| What to work on |
A word-for-word restatement of every entry is what is needed here.

| Data for review |
○ ○ ○ ○ ○
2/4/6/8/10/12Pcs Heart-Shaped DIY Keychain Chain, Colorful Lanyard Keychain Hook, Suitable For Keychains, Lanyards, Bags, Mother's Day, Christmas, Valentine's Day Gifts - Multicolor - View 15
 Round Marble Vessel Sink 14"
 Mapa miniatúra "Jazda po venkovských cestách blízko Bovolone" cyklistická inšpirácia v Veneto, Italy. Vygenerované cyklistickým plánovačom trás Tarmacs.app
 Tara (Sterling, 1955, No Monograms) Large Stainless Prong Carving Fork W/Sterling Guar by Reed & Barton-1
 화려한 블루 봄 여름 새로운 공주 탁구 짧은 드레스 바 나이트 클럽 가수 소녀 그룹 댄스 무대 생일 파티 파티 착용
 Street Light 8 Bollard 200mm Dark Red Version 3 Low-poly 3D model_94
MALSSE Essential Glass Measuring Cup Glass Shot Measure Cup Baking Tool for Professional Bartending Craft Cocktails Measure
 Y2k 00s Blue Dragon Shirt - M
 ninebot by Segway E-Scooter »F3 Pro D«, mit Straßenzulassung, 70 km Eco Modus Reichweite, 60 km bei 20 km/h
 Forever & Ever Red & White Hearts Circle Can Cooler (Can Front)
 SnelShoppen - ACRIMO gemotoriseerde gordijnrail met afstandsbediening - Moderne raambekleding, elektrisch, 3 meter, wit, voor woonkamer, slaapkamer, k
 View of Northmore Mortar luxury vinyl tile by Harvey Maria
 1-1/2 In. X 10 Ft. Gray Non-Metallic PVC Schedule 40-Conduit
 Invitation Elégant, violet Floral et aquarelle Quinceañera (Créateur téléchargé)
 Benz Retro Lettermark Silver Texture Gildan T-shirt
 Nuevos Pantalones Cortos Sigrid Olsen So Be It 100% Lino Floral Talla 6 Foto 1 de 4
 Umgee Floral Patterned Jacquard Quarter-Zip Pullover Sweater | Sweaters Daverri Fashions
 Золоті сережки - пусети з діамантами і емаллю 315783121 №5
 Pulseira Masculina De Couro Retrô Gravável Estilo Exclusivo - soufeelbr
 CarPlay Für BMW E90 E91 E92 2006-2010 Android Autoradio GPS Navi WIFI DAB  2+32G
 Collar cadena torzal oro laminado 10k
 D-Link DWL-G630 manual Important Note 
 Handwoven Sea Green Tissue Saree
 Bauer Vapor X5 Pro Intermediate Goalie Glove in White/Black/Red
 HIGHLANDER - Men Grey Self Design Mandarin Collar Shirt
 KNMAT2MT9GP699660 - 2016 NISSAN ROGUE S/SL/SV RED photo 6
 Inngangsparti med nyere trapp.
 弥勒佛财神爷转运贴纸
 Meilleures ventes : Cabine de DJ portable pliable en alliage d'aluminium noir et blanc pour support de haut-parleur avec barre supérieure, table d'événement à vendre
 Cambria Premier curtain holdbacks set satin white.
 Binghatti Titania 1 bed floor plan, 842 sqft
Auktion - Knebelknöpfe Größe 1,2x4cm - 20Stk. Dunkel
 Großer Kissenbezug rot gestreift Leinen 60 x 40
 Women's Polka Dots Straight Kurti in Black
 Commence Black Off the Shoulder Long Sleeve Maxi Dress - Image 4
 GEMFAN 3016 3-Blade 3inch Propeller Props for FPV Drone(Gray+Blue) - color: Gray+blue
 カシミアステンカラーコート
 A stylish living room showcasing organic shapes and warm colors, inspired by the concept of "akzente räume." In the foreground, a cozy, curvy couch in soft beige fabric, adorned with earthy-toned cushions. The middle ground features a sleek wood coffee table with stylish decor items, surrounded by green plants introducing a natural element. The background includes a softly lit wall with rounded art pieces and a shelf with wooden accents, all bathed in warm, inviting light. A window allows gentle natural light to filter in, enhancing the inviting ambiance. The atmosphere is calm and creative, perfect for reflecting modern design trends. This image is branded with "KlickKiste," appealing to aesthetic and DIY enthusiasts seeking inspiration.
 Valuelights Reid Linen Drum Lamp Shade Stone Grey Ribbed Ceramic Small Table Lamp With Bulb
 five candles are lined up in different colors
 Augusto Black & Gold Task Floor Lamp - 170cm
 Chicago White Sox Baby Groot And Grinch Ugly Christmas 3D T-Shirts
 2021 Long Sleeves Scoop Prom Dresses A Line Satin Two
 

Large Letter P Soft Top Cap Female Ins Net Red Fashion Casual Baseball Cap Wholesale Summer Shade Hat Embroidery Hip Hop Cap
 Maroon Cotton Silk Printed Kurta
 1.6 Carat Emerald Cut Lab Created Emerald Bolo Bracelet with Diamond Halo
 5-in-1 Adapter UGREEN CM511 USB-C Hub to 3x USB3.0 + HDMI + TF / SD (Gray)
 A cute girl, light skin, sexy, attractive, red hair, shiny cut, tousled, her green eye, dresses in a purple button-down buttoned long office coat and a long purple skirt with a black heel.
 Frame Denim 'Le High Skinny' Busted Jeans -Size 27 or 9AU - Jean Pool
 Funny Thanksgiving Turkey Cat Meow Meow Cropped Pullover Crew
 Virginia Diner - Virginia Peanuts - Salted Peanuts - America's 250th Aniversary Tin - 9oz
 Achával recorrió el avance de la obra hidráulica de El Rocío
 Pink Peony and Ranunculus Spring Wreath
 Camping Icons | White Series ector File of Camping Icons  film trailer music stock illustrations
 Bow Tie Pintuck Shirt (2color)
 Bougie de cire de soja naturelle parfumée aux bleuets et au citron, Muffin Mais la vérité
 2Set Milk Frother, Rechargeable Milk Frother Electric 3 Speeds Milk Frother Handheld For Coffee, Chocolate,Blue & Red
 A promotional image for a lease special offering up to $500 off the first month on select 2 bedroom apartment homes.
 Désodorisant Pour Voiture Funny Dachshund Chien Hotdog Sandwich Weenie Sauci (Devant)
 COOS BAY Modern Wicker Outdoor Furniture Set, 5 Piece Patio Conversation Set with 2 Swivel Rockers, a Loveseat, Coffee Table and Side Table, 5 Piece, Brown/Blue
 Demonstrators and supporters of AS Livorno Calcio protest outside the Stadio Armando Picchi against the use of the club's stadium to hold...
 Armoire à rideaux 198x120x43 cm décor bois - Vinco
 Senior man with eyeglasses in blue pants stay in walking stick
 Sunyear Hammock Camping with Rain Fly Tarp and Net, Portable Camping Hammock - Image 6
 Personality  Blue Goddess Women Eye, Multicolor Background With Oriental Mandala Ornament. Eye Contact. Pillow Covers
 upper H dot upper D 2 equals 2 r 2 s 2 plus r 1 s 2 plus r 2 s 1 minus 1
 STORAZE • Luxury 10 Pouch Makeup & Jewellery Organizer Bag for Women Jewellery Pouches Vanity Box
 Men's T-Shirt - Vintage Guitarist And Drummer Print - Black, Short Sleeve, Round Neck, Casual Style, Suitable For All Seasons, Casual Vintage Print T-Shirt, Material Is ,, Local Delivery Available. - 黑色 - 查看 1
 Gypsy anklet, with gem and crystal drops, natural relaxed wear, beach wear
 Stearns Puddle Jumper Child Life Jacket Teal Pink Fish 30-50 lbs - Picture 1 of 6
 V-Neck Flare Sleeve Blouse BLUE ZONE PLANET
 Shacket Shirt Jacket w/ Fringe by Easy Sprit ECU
○ ○ ○ ○ ○
| Expected answer |
2/4/6/8/10/12Pcs Heart-Shaped DIY Keychain Chain, Colorful Lanyard Keychain Hook, Suitable For Keychains, Lanyards, Bags, Mother's Day, Christmas, Valentine's Day Gifts - Multicolor - View 15
 Round Marble Vessel Sink 14"
 Mapa miniatúra "Jazda po venkovských cestách blízko Bovolone" cyklistická inšpirácia v Veneto, Italy. Vygenerované cyklistickým plánovačom trás Tarmacs.app
 Tara (Sterling, 1955, No Monograms) Large Stainless Prong Carving Fork W/Sterling Guar by Reed & Barton-1
 화려한 블루 봄 여름 새로운 공주 탁구 짧은 드레스 바 나이트 클럽 가수 소녀 그룹 댄스 무대 생일 파티 파티 착용
 Street Light 8 Bollard 200mm Dark Red Version 3 Low-poly 3D model_94
MALSSE Essential Glass Measuring Cup Glass Shot Measure Cup Baking Tool for Professional Bartending Craft Cocktails Measure
 Y2k 00s Blue Dragon Shirt - M
 ninebot by Segway E-Scooter »F3 Pro D«, mit Straßenzulassung, 70 km Eco Modus Reichweite, 60 km bei 20 km/h
 Forever & Ever Red & White Hearts Circle Can Cooler (Can Front)
 SnelShoppen - ACRIMO gemotoriseerde gordijnrail met afstandsbediening - Moderne raambekleding, elektrisch, 3 meter, wit, voor woonkamer, slaapkamer, k
 View of Northmore Mortar luxury vinyl tile by Harvey Maria
 1-1/2 In. X 10 Ft. Gray Non-Metallic PVC Schedule 40-Conduit
 Invitation Elégant, violet Floral et aquarelle Quinceañera (Créateur téléchargé)
 Benz Retro Lettermark Silver Texture Gildan T-shirt
 Nuevos Pantalones Cortos Sigrid Olsen So Be It 100% Lino Floral Talla 6 Foto 1 de 4
 Umgee Floral Patterned Jacquard Quarter-Zip Pullover Sweater | Sweaters Daverri Fashions
 Золоті сережки - пусети з діамантами і емаллю 315783121 №5
 Pulseira Masculina De Couro Retrô Gravável Estilo Exclusivo - soufeelbr
 CarPlay Für BMW E90 E91 E92 2006-2010 Android Autoradio GPS Navi WIFI DAB  2+32G
 Collar cadena torzal oro laminado 10k
 D-Link DWL-G630 manual Important Note 
 Handwoven Sea Green Tissue Saree
 Bauer Vapor X5 Pro Intermediate Goalie Glove in White/Black/Red
 HIGHLANDER - Men Grey Self Design Mandarin Collar Shirt
 KNMAT2MT9GP699660 - 2016 NISSAN ROGUE S/SL/SV RED photo 6
 Inngangsparti med nyere trapp.
 弥勒佛财神爷转运贴纸
 Meilleures ventes : Cabine de DJ portable pliable en alliage d'aluminium noir et blanc pour support de haut-parleur avec barre supérieure, table d'événement à vendre
 Cambria Premier curtain holdbacks set satin white.
 Binghatti Titania 1 bed floor plan, 842 sqft
Auktion - Knebelknöpfe Größe 1,2x4cm - 20Stk. Dunkel
 Großer Kissenbezug rot gestreift Leinen 60 x 40
 Women's Polka Dots Straight Kurti in Black
 Commence Black Off the Shoulder Long Sleeve Maxi Dress - Image 4
 GEMFAN 3016 3-Blade 3inch Propeller Props for FPV Drone(Gray+Blue) - color: Gray+blue
 カシミアステンカラーコート
 A stylish living room showcasing organic shapes and warm colors, inspired by the concept of "akzente räume." In the foreground, a cozy, curvy couch in soft beige fabric, adorned with earthy-toned cushions. The middle ground features a sleek wood coffee table with stylish decor items, surrounded by green plants introducing a natural element. The background includes a softly lit wall with rounded art pieces and a shelf with wooden accents, all bathed in warm, inviting light. A window allows gentle natural light to filter in, enhancing the inviting ambiance. The atmosphere is calm and creative, perfect for reflecting modern design trends. This image is branded with "KlickKiste," appealing to aesthetic and DIY enthusiasts seeking inspiration.
 Valuelights Reid Linen Drum Lamp Shade Stone Grey Ribbed Ceramic Small Table Lamp With Bulb
 five candles are lined up in different colors
 Augusto Black & Gold Task Floor Lamp - 170cm
 Chicago White Sox Baby Groot And Grinch Ugly Christmas 3D T-Shirts
 2021 Long Sleeves Scoop Prom Dresses A Line Satin Two
 

Large Letter P Soft Top Cap Female Ins Net Red Fashion Casual Baseball Cap Wholesale Summer Shade Hat Embroidery Hip Hop Cap
 Maroon Cotton Silk Printed Kurta
 1.6 Carat Emerald Cut Lab Created Emerald Bolo Bracelet with Diamond Halo
 5-in-1 Adapter UGREEN CM511 USB-C Hub to 3x USB3.0 + HDMI + TF / SD (Gray)
 A cute girl, light skin, sexy, attractive, red hair, shiny cut, tousled, her green eye, dresses in a purple button-down buttoned long office coat and a long purple skirt with a black heel.
 Frame Denim 'Le High Skinny' Busted Jeans -Size 27 or 9AU - Jean Pool
 Funny Thanksgiving Turkey Cat Meow Meow Cropped Pullover Crew
 Virginia Diner - Virginia Peanuts - Salted Peanuts - America's 250th Aniversary Tin - 9oz
 Achával recorrió el avance de la obra hidráulica de El Rocío
 Pink Peony and Ranunculus Spring Wreath
 Camping Icons | White Series ector File of Camping Icons  film trailer music stock illustrations
 Bow Tie Pintuck Shirt (2color)
 Bougie de cire de soja naturelle parfumée aux bleuets et au citron, Muffin Mais la vérité
 2Set Milk Frother, Rechargeable Milk Frother Electric 3 Speeds Milk Frother Handheld For Coffee, Chocolate,Blue & Red
 A promotional image for a lease special offering up to $500 off the first month on select 2 bedroom apartment homes.
 Désodorisant Pour Voiture Funny Dachshund Chien Hotdog Sandwich Weenie Sauci (Devant)
 COOS BAY Modern Wicker Outdoor Furniture Set, 5 Piece Patio Conversation Set with 2 Swivel Rockers, a Loveseat, Coffee Table and Side Table, 5 Piece, Brown/Blue
 Demonstrators and supporters of AS Livorno Calcio protest outside the Stadio Armando Picchi against the use of the club's stadium to hold...
 Armoire à rideaux 198x120x43 cm décor bois - Vinco
 Senior man with eyeglasses in blue pants stay in walking stick
 Sunyear Hammock Camping with Rain Fly Tarp and Net, Portable Camping Hammock - Image 6
 Personality  Blue Goddess Women Eye, Multicolor Background With Oriental Mandala Ornament. Eye Contact. Pillow Covers
 upper H dot upper D 2 equals 2 r 2 s 2 plus r 1 s 2 plus r 2 s 1 minus 1
 STORAZE • Luxury 10 Pouch Makeup & Jewellery Organizer Bag for Women Jewellery Pouches Vanity Box
 Men's T-Shirt - Vintage Guitarist And Drummer Print - Black, Short Sleeve, Round Neck, Casual Style, Suitable For All Seasons, Casual Vintage Print T-Shirt, Material Is ,, Local Delivery Available. - 黑色 - 查看 1
 Gypsy anklet, with gem and crystal drops, natural relaxed wear, beach wear
 Stearns Puddle Jumper Child Life Jacket Teal Pink Fish 30-50 lbs - Picture 1 of 6
 V-Neck Flare Sleeve Blouse BLUE ZONE PLANET
 Shacket Shirt Jacket w/ Fringe by Easy Sprit ECU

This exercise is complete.